Tales Of Our Times
By JOHN BARTLIT
New Mexico Citizens
for Clean Air & Water
For decades now, communication gurus for each of the two big political parties have written books on selecting trick words to fool people. These authors have sold a good many such books, which appeal to each author’s party. The books on word tactics make clear how the opposing party chooses words that muddle issues, which in turn gives those wrongdoers a head start with voters.
To turn the tables, both parties heed the logic. The secret is out. Each side seeks and finds new words or new meanings that are clear, muddlesome, and addictive. Each party adds these words to its favored list. And so it goes. The only staunch debate is over which side started this downward spiral.
Try some of the key words in evidence. Many a dustup starts with slogans. Slogans are designed to pack a big punch in a few choice words. To succeed, slogans are built from figures of speech, rather than exact logic. The point that a nifty slogan relates to is strong and clear, but it says little, directly, about what to do or how to do it. Slogans do not permit reasons for or reasons against an idea to appear at the same time. Slogans are a breed apart.
The news brings frequent reports of the sparring between today’s two most consequential slogans, “Make America Great Again” and “Black Lives Matter.” The words by themselves could not be more innocent. Their plain meanings are so simple, true, and welcome as to seem hardly worth saying. Yet, the pair of sayings are said to be formidable foes with vicious effects. Why is this? Does the warring spread from a word choice, a concern about omitted factors, or something else entirely?
Issues are more real than slogans. Nonetheless, issues, too, are easily muddled to pull votes. Today’s two leading slogans conceal major issues within them. Two big issues are “law and order” and “peaceful protest,” as they are named in the news. The news brings frequent reports of sparring between peaceful protests and disruptions by riots, looting, and arson. The nation’s great stream of voters hopes to protect our cherished right to peaceful protest while halting riots, looting, and arson. In contrast, campaigns focus either on protests or on riots in hopes of pulling more votes.
We begin to see how campaigns blur the discourse. Campaigns succeed by showing the highest concern about one troubling aspect of a complex problem. In reality, a remedy that works has to address a diversity of needs all at one time. An effective policy choice must curtail riots and looting while restoring peaceful protest.
Over decades, so slowly as to go unnoticed, politics has drifted from working on issues to campaigning full time. “Debate” has devolved into a shorthand form of virtue signaling, and has forgone its highest purpose of probing the pros and cons among policy options. High school and college debate teams and their coaches used to be a training ground for the vital skills that moved our nation. Student debate teams and those coaches now form the nation’s leading repository for those skills. National politics no longer admits that policies have pros and cons.

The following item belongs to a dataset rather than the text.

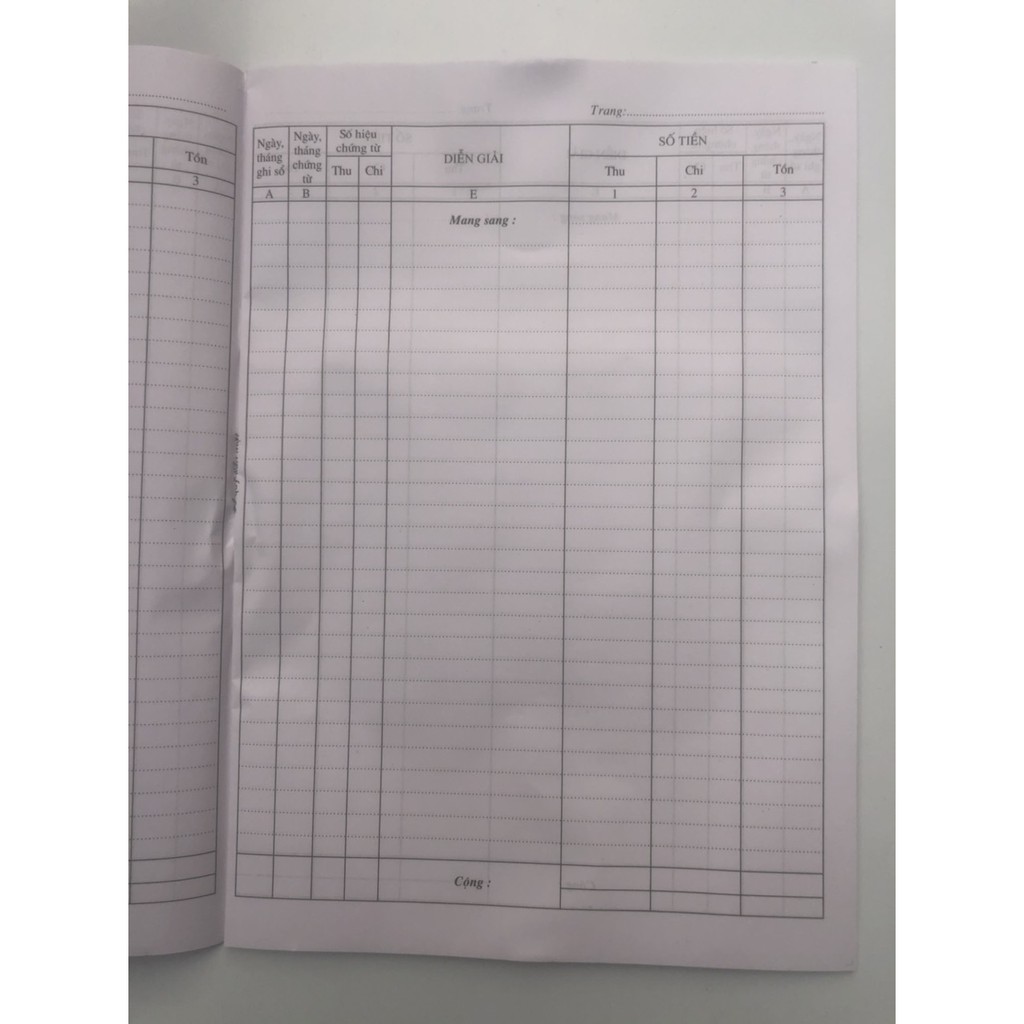 Sổ quỹ TM A4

In the same vein, we have the newsy battle of “liberty” vs. “justice.” These days, Republicans tout “liberty;” Democrats tout “justice.” Each side drums up news proving the other side’s term means “lawless.” “Lawless,” since the Right contends that Democrats regulate everything but crime. And “lawless,” since the Left contends that Republicans regulate nothing but crime. All the while, our democracy’s Pledge of Allegiance proudly concludes, “with liberty and justice for all.”
Campaigns are staged to provide dim light. Issues fester in the dark.